■ What needs to be done: The required output holds only the lines from the one containing "Letter template of" through the end of the material below, copied exactly, please, with no pictures.

■ Information shown:
=== Section Start ===

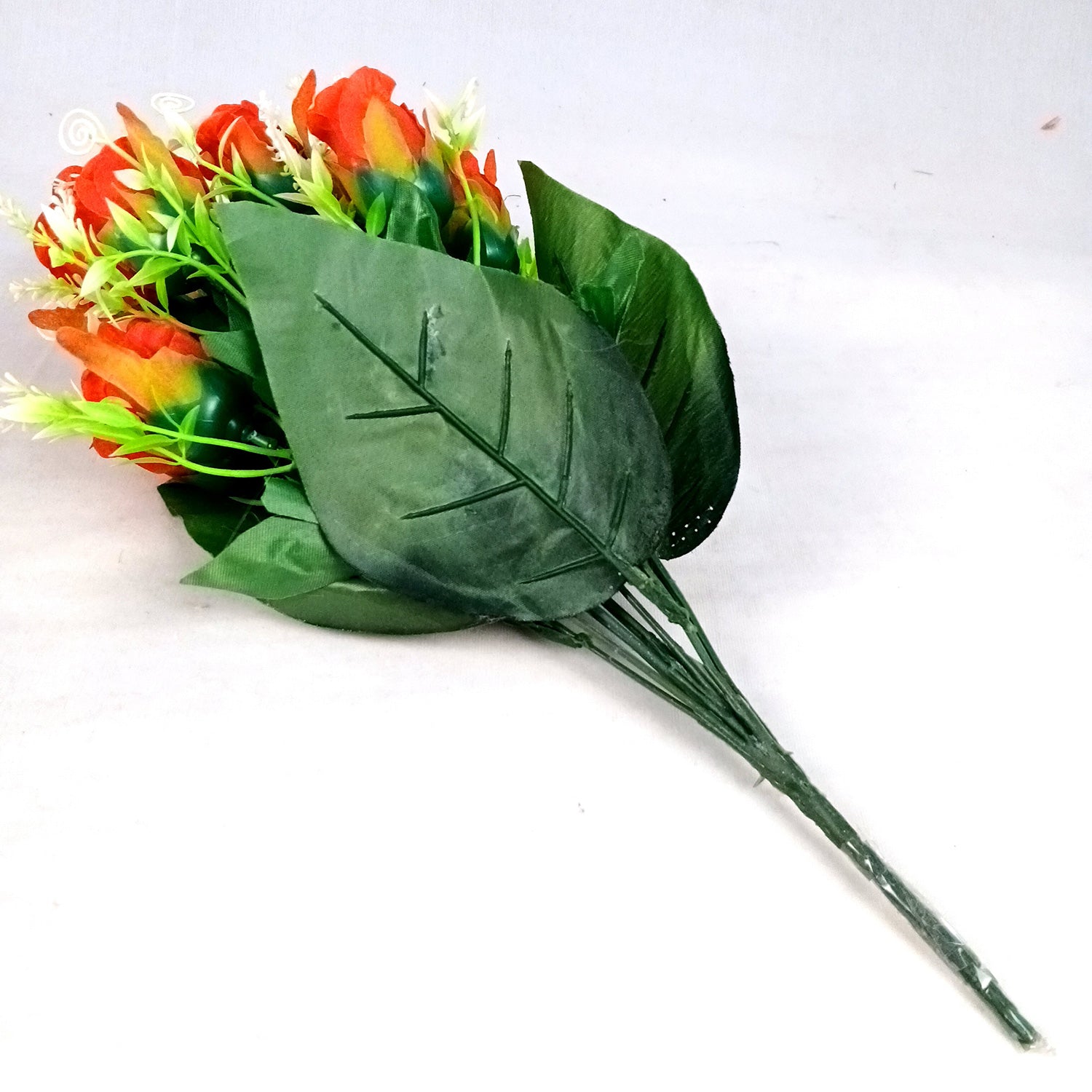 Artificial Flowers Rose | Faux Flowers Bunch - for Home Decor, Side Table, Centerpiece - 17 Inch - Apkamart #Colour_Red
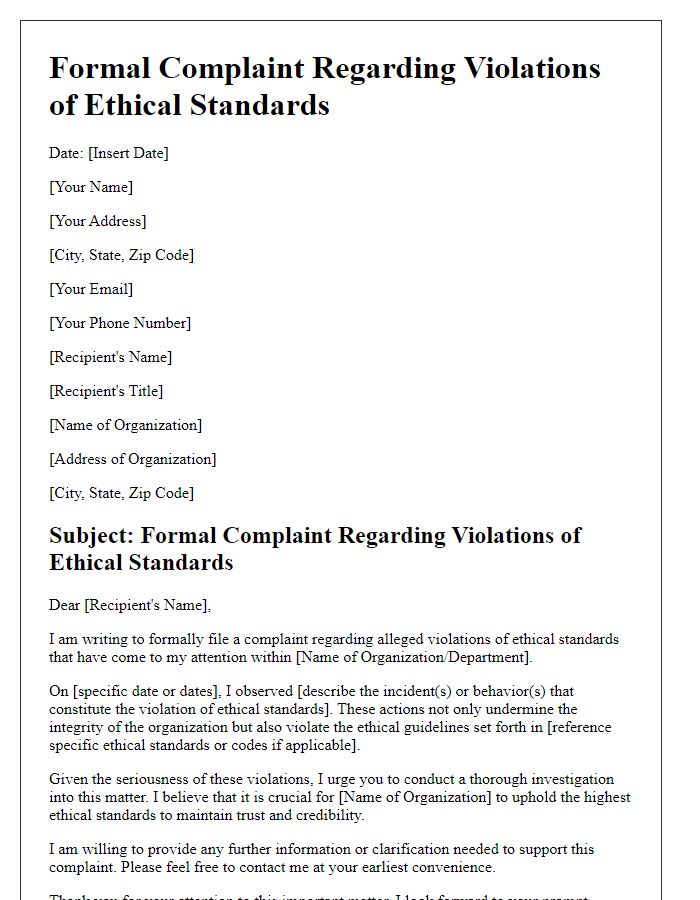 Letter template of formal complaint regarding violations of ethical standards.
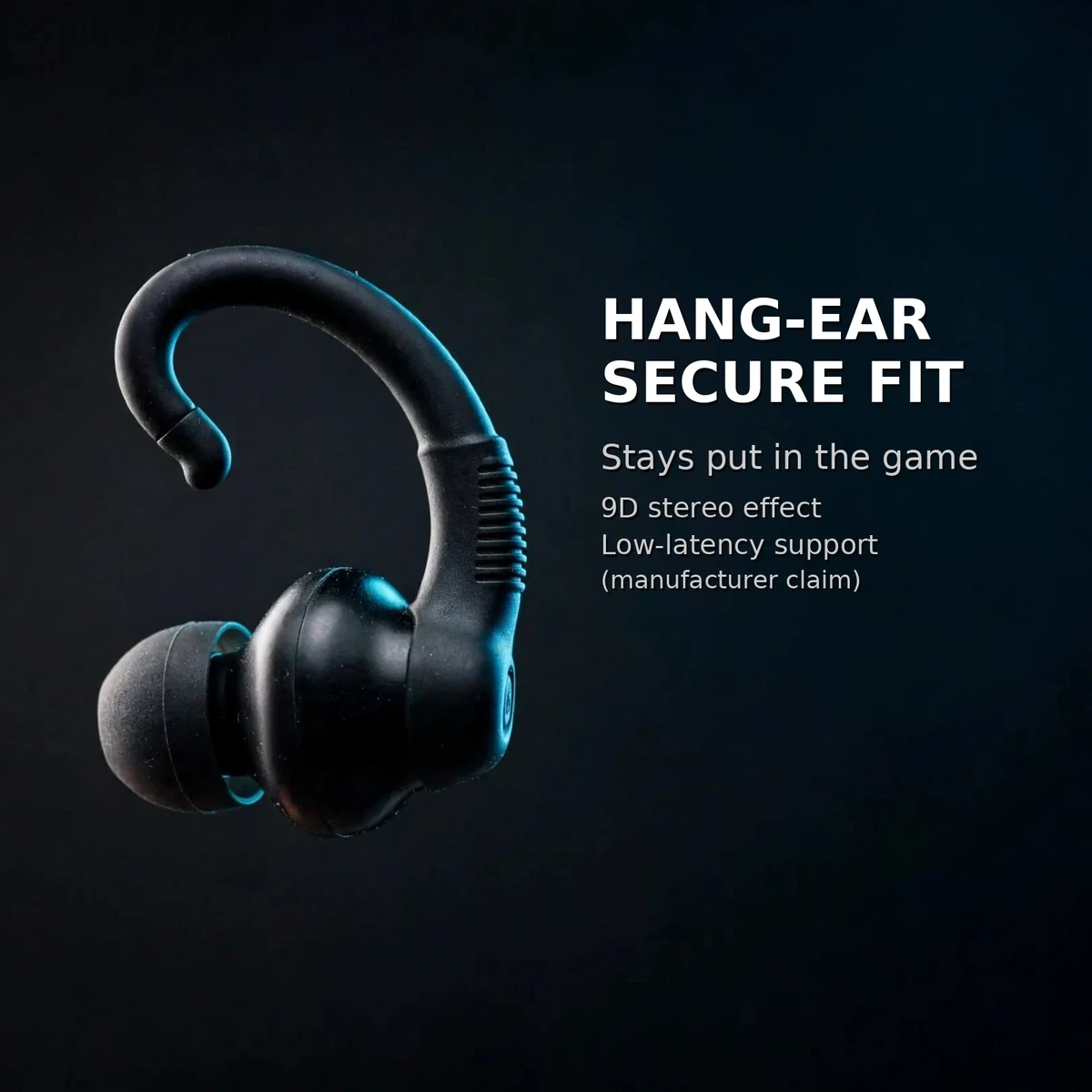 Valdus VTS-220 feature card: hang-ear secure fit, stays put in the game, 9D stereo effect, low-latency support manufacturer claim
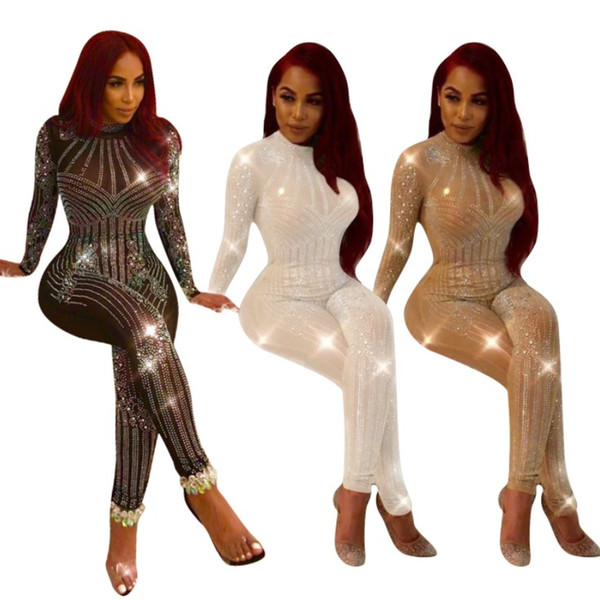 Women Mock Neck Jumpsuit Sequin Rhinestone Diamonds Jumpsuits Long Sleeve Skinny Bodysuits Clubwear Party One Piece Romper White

=== Section End ===

■ The completed task:
 Letter template of formal complaint regarding violations of ethical standards.
 Valdus VTS-220 feature card: hang-ear secure fit, stays put in the game, 9D stereo effect, low-latency support manufacturer claim
 Women Mock Neck Jumpsuit Sequin Rhinestone Diamonds Jumpsuits Long Sleeve Skinny Bodysuits Clubwear Party One Piece Romper White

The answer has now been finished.